Part of what's led to its improvement over the years is better going through the data and removing bad things or properly labeling them.

That left turn that was cut to short makes it into the first set of training as a cursory look at it seemed okay, and then they see that cars are cutting turns to short. So they go through the data again and try to find examples of it and then label them properly so it doesn't think it's okay.

But that's not a simple process, and then trying to only have certain good behaviors gets really hard because they're actually very uncommon in normal driving because the bad behavior is socially acceptable.

[–] [email protected] 4 points 17 hours ago (1 children)

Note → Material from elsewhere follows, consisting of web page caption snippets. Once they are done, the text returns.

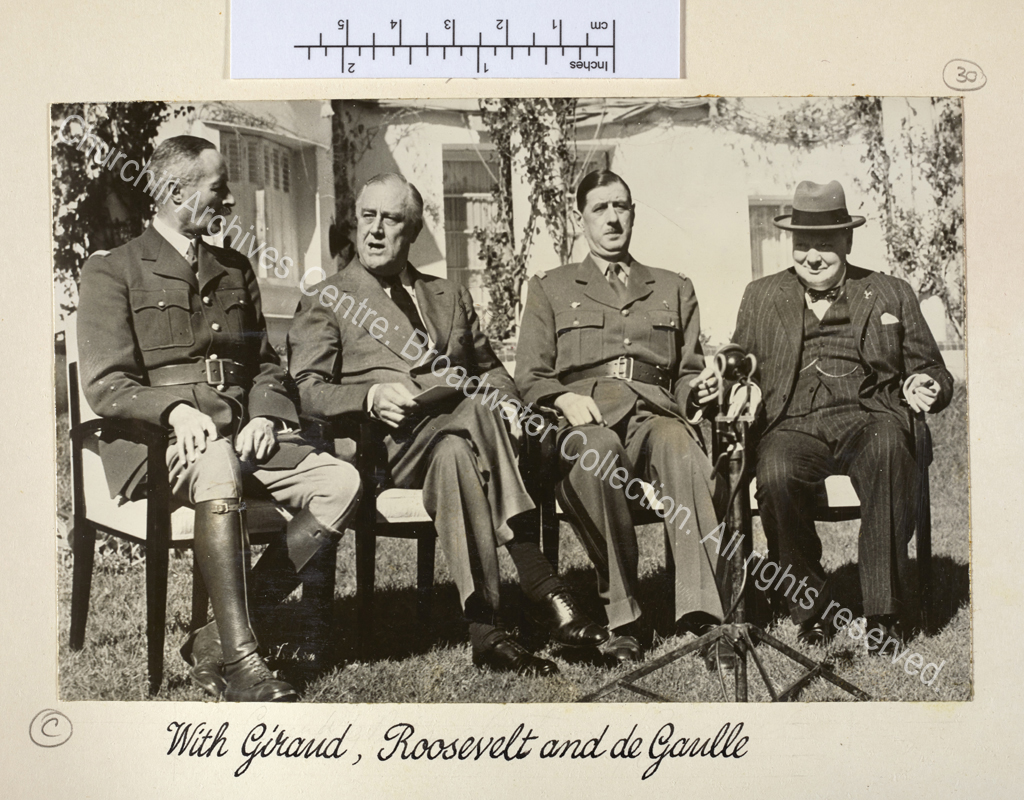 Photo taken during [?a press conference at] the Casablanca Conference in Morocco. Photo shows from left to right: General Henri Giraud [Civil and Military Head of all French North Africa] Franklin Roosevelt [US President]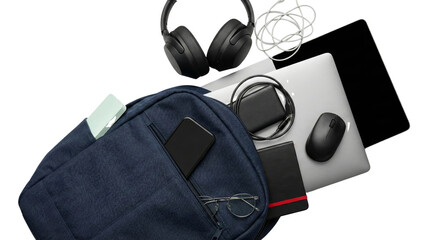 Elevated view showcasing a backpack with technology essentials against a pure backdrop
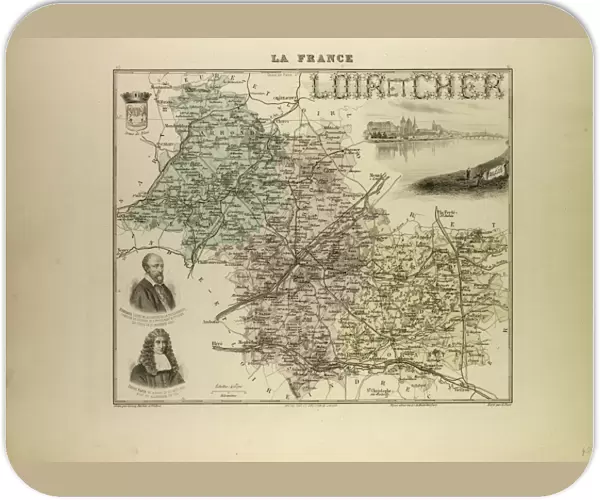 Map of Loir and Cher, 1896, France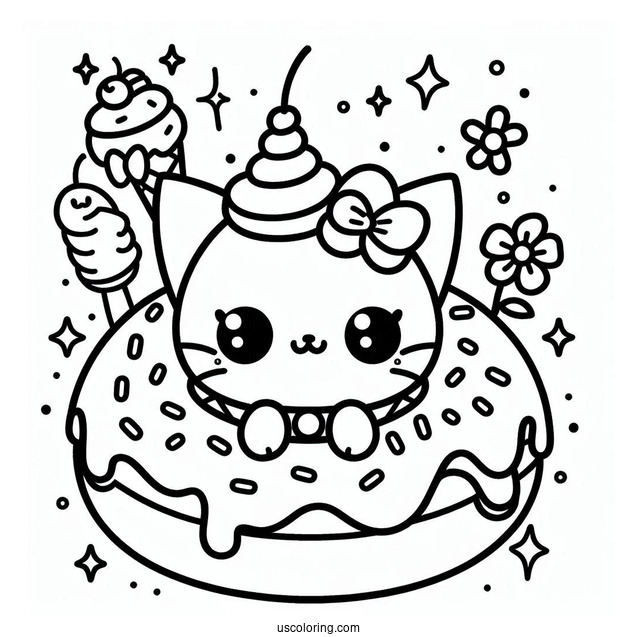 Cat Themed Kawaii Donut Coloring Page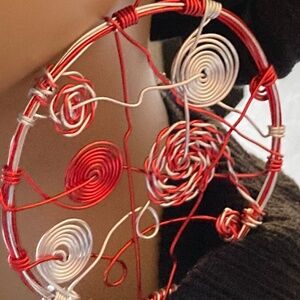 Extra large Hoops with spirals/twists designs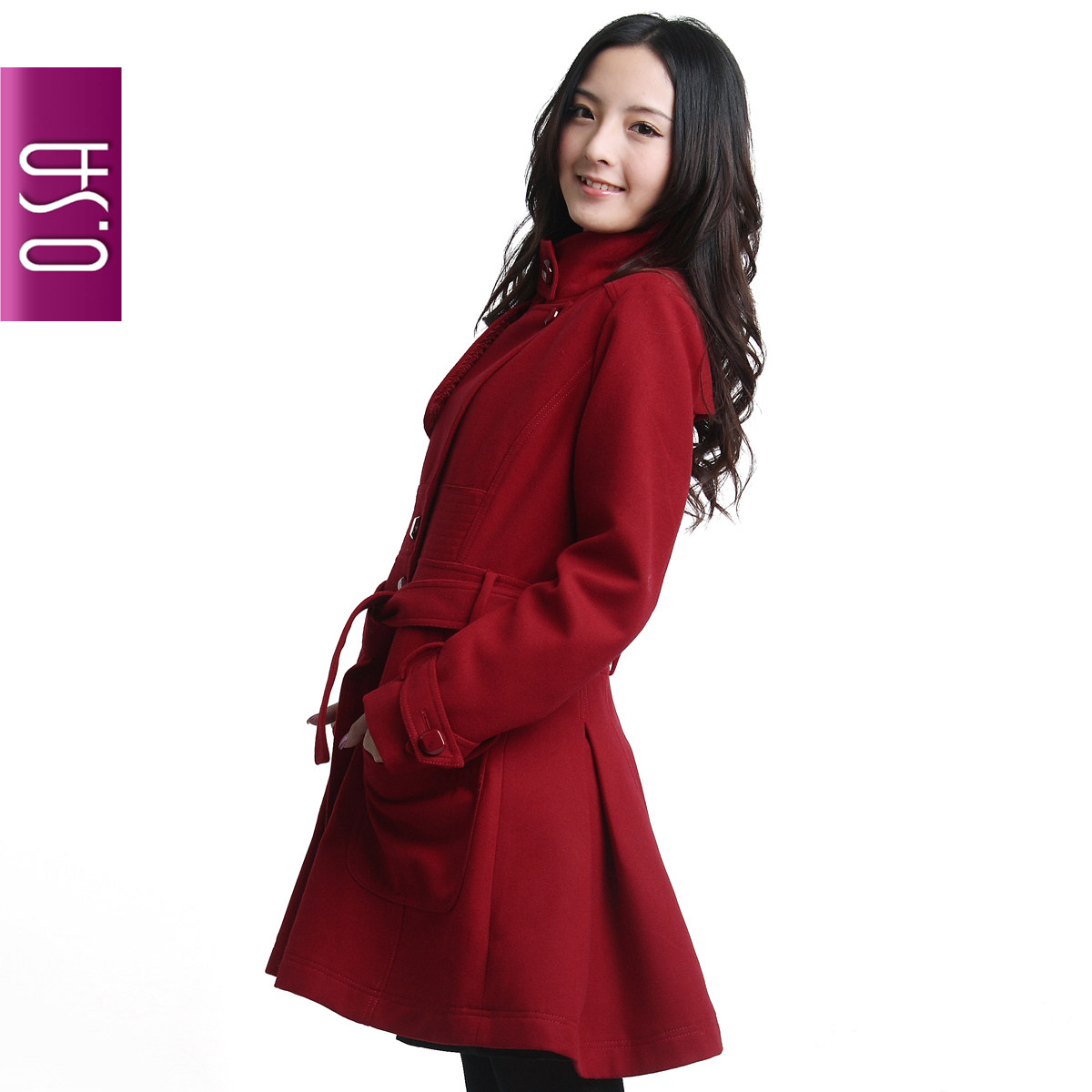 清水睡莲 O.SA 韩版军装呢大衣 修身毛呢外套 女 SD91910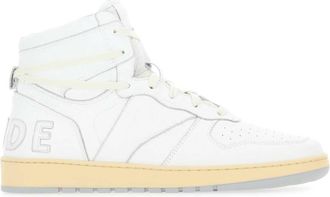 Rhude White Leather Rhecess Sneakers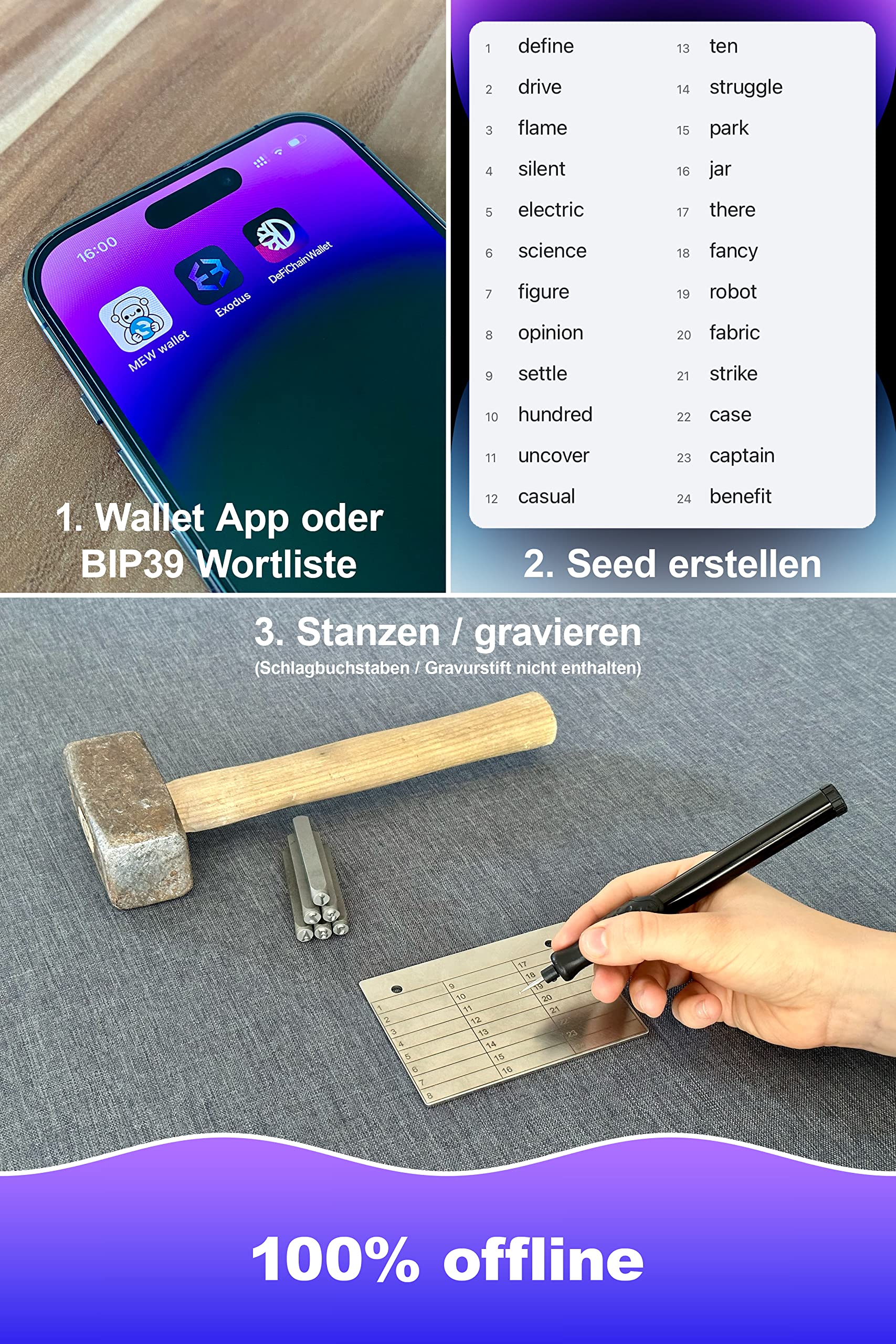 2in1 Steel Wallet aus hochwertigem Edelstahl (gelocht zum Abheften) für Krypto Seeds | BIP39 Steelwallet Crypto Cold Storage Bitcoin & Ethereum - beidseitig lasergraviert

The thing is that you have to break the law to be an effective and even safe driver. Going way under the limit or refusing to go into the opposite lane for a moment means that you cause traffic congestion and piss people off. Waymos definitely break laws at times, I've seen it personally. And other times waymos get too "safe" and end up locked in place for 30 min at a time. The real world is a chaotic place and there's always been a discrepancy between what the laws are and how people actually drive. Lidar helps see things humans cant, but the main problem is the intelligence required, which may improve over time

[–] [email protected] 1 points 16 hours ago* (last edited 16 hours ago)

The biggest problem is if you’re training in the extremes.

And they did.

The stopping for 30 minutes has more to do with “I don’t know”, which is something Tesla could do more of, imo. (And certainly not in the way they just set you up for a crash and hand it over after it’s too late.)

[–] [email protected] 5 points 18 hours ago (1 children)

You can establish rules in top of the neural net output. No acceleration higher than 0.3g. No speed higher than the limit + 5 (if you know what the limit is, which teslas struggle with to this day). No running of red lights.

[–] [email protected] 1 points 13 hours ago

You can, yes.

They didn’t seem to, but they can.

[–] [email protected] 3 points 18 hours ago

The worst Telsa driver I know. Hum. That’s a tough competition.